ABOUT THIS TASK:
Your answer must restate each entry below word for word, with no pictures in it.

DATA TO USE:

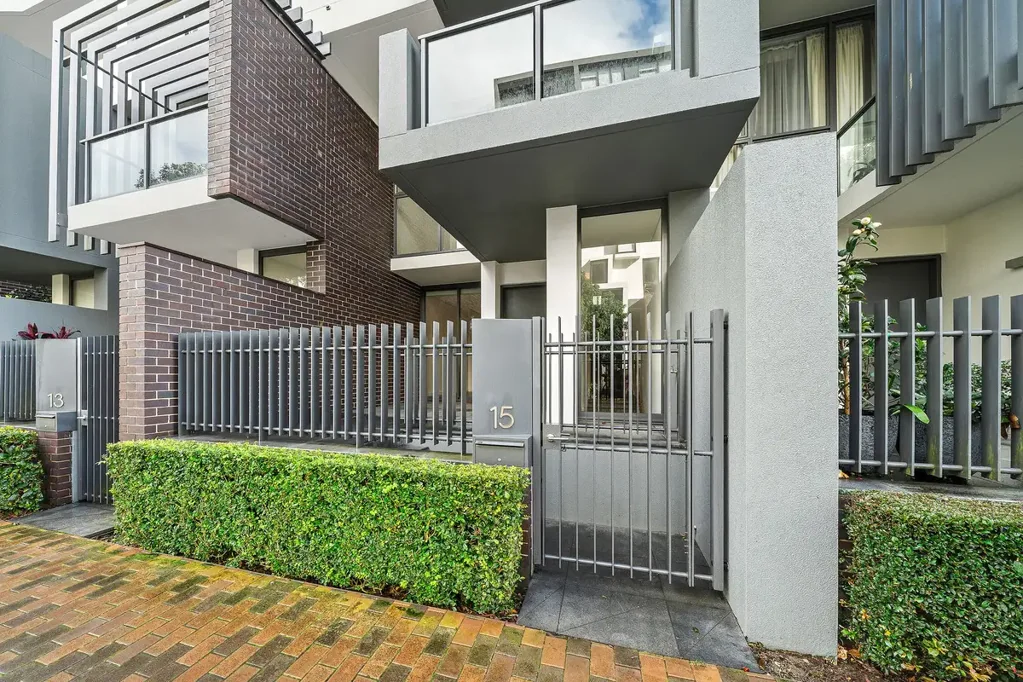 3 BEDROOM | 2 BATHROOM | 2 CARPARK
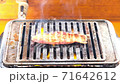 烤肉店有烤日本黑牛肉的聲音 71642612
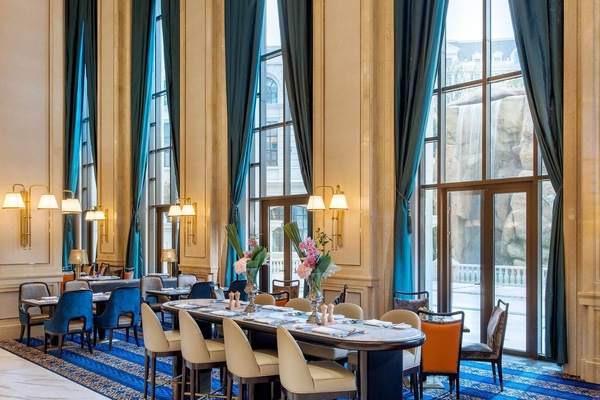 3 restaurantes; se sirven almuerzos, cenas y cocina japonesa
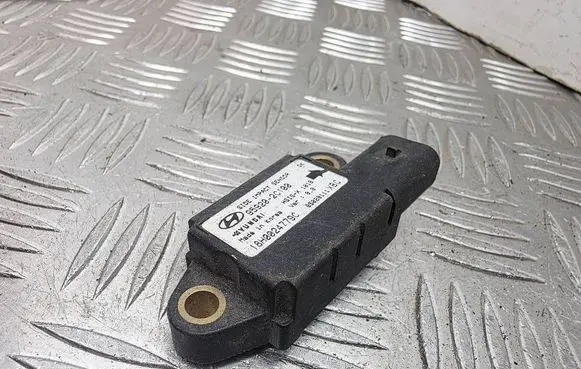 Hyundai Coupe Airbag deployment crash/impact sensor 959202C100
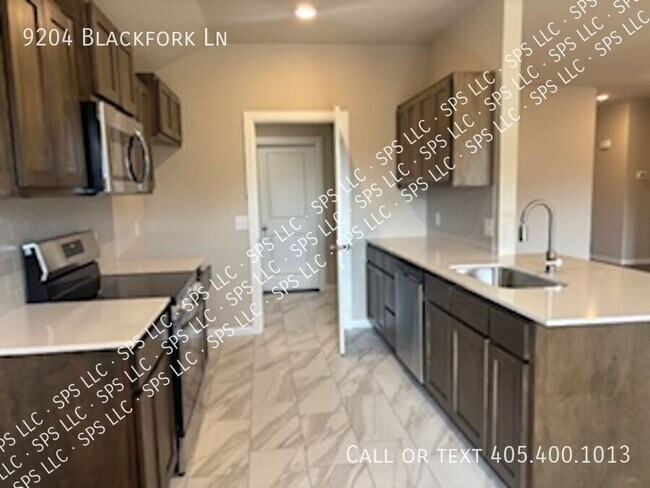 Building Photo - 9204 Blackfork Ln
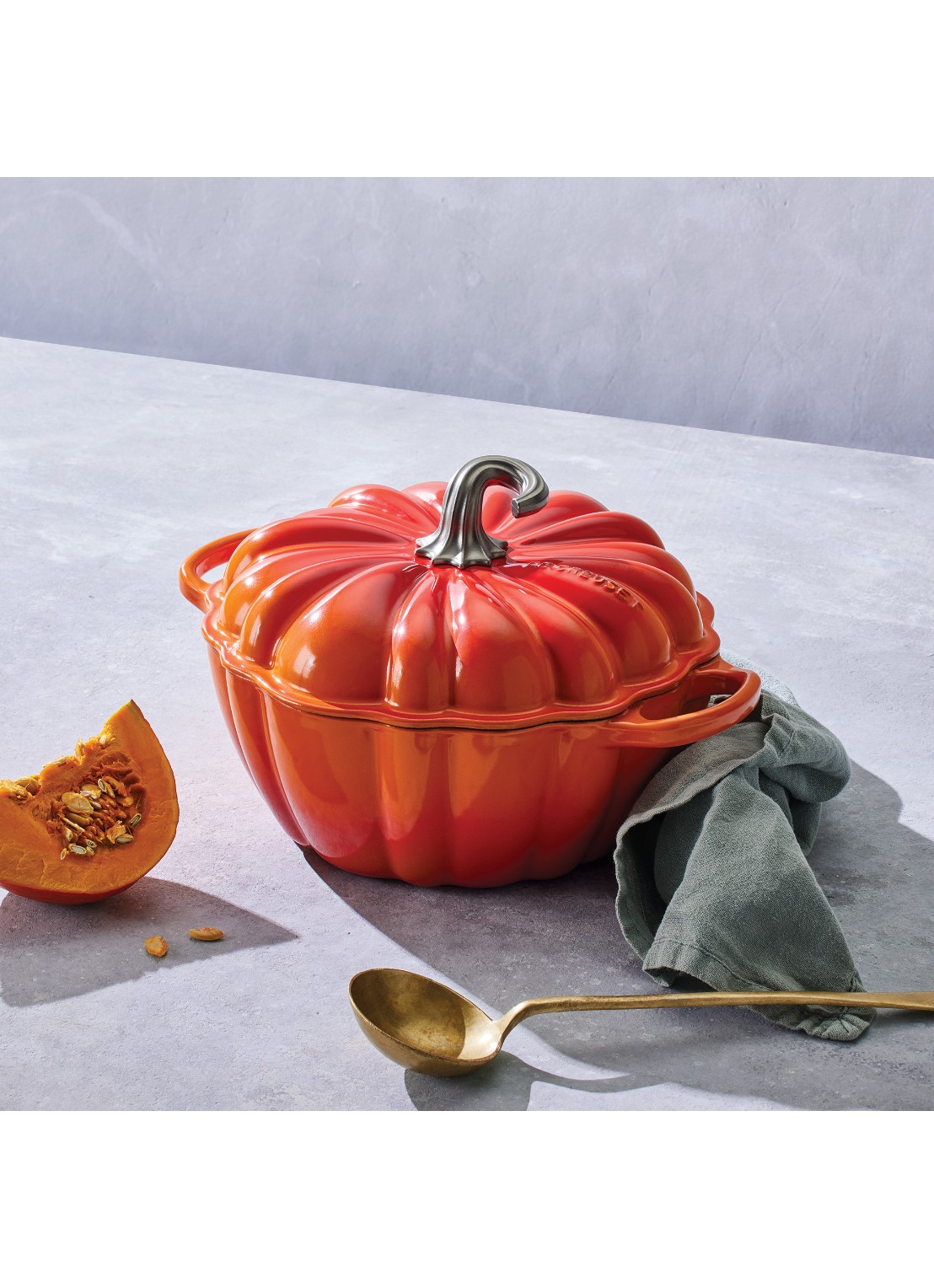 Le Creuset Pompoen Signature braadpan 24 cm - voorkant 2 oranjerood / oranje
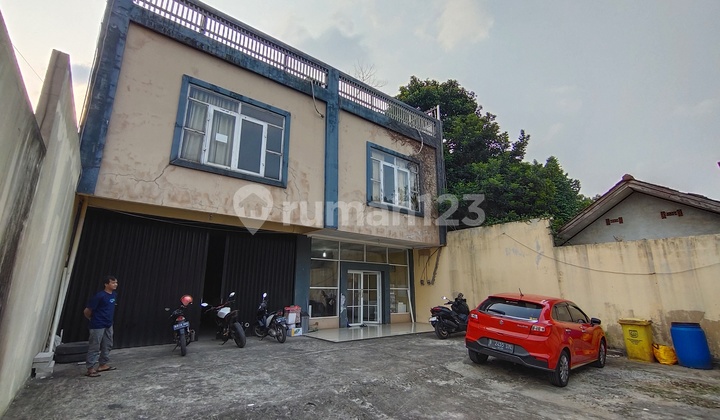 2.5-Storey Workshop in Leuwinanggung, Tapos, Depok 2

REPLY TO THE EXERCISE:
 3 BEDROOM | 2 BATHROOM | 2 CARPARK
 烤肉店有烤日本黑牛肉的聲音 71642612
 3 restaurantes; se sirven almuerzos, cenas y cocina japonesa
 Hyundai Coupe Airbag deployment crash/impact sensor 959202C100
 Building Photo - 9204 Blackfork Ln
 Le Creuset Pompoen Signature braadpan 24 cm - voorkant 2 oranjerood / oranje
 2.5-Storey Workshop in Leuwinanggung, Tapos, Depok 2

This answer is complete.